11.07.2007

She is Like Michael Myers. She Will Not Die.

Thanks to an excellent catch by a vigilant reader, this Wall Street Journal article was brought to my attention. It's by some dude named Jeff Zaslow. He is completely unfamiliar to me. But, the article is about how the kids aren't alright. And, if you were writing a column from that retarded point of view, who would you ask for advice?

Oh God. Why won't she go away.

Yes, we have a Laura Sessions Stepp sighting! Huzzah!

So, this Zaslow column is about his daughter getting invited to homecoming by a boy. They dress up, buy flowers, do all the stupid high school shit, and then never go to the actual dance. They just hang out on their own. This is the end of civilization to Zaslow. Why, back in his day, dating meant something! You had to ask a girl on Wednesday for a Saturday date! There was none of this text messaging tomfoolery.

Honestly, reading this, you expect Zaslow to be upset that the children no longer wear onions on their belt (as was the style of his time).
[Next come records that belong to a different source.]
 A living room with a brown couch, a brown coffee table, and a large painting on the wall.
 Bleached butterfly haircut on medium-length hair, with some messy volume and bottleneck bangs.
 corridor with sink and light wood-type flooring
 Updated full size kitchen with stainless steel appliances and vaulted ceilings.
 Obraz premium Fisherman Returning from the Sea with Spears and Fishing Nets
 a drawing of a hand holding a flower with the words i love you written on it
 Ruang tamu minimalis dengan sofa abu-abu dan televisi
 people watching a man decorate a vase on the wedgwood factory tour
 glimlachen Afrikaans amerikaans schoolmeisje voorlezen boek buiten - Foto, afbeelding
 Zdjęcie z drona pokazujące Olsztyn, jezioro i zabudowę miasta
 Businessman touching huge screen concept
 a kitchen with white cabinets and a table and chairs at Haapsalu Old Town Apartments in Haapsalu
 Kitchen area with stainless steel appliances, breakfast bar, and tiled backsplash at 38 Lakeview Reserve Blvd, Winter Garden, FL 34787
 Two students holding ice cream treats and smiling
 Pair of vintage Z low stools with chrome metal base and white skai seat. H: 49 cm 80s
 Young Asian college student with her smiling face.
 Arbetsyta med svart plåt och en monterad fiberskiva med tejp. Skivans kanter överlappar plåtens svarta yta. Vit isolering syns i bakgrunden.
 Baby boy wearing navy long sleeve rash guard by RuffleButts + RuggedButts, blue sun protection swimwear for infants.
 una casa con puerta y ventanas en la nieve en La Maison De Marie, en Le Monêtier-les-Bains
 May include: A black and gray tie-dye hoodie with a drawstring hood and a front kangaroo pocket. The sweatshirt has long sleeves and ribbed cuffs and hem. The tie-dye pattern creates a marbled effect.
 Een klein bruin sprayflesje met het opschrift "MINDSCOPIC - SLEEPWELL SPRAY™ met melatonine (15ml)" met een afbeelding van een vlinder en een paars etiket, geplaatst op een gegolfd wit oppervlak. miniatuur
And in case you're too lazy to click on the WSJ link and you think I'm being over-the-top:

Obviously, boys no longer have to call girls on Wednesday for a Saturday date. Now, college boys seeking weekend hookups send girls "U busy?" text messages at 2 or 3 a.m., and girls routinely rouse themselves and go, according to Ms. Stepp's research. Many girls spend the next day clutching their cellphones, waiting in vain for the boy to call.


These girls need to get a different hobby.

I am pissed that Zaslow didn't put the word "research" in scare quotes. Following, like, seven ludicrously wealthy women (and one token poor high school student being statutorily raped by a Metro bus driver) is not research. Those are anecdotes. Anecdotes from the coddled and immature. Anecdotes from daughters whose mothers don't let their children hang out with black kids (and this is presented as good parenting!) and who buy their daughters trips to the Bahamas when they've had a rough semester because that frat boy didn't call back.

Honestly, why is Laura Sessions Stepp considered an expert on the subject of teenage sexuality? A piece she edited won a Pulitzer. Fine. But that was a piece on textiles for Christ's sake. Since then she's been cruising on that stupid award and writing about something that she doesn't have any fucking experience in. Well, other than following around her small self-selected sample of desperate young adults who need men to justify their existence.

God damn it. If I had the time I would find eight happy well-adjusted high school and college students and follow them around for a few months. Then I would be outraged when I didn't get my book deal.

The column has some other gems. The conclusion is fantastic.

As the father of three daughters, I wish that more parents of sons would talk to their boys about being respectful, and about the thrill that can come from holding hands. Those of us with daughters need to tell them that empowerment is less about sexual freedom and more about recognizing their true feelings.


The "thrill that can come from holding hands"? Jesus Christ.

It is too bad that my daughter and her friends didn't demand that the boys take them to homecoming. Yes, they risked being dumped for easier girls. But maybe the boys would have gotten the message and, as promised, graciously escorted their dates to the dance.


I'm pretty far separated from days as a 16-year-old high school student. Well, I do remember not getting any. So if I had to choose between holding hands and the "easier girls," then, no, I wouldn't have gotten that message.

Another thing I remember about homecoming dances was that I never attended one. Not because I was trying to get into some girl's pants in a dark basement, but because, in the words of the reader who e-mailed me this article, homecoming is "a bullshit WASPy ritual of jocks, popularity, and getting laid in the car afterward, that requires a lot of money be spent on tickets, clothes, and dinner."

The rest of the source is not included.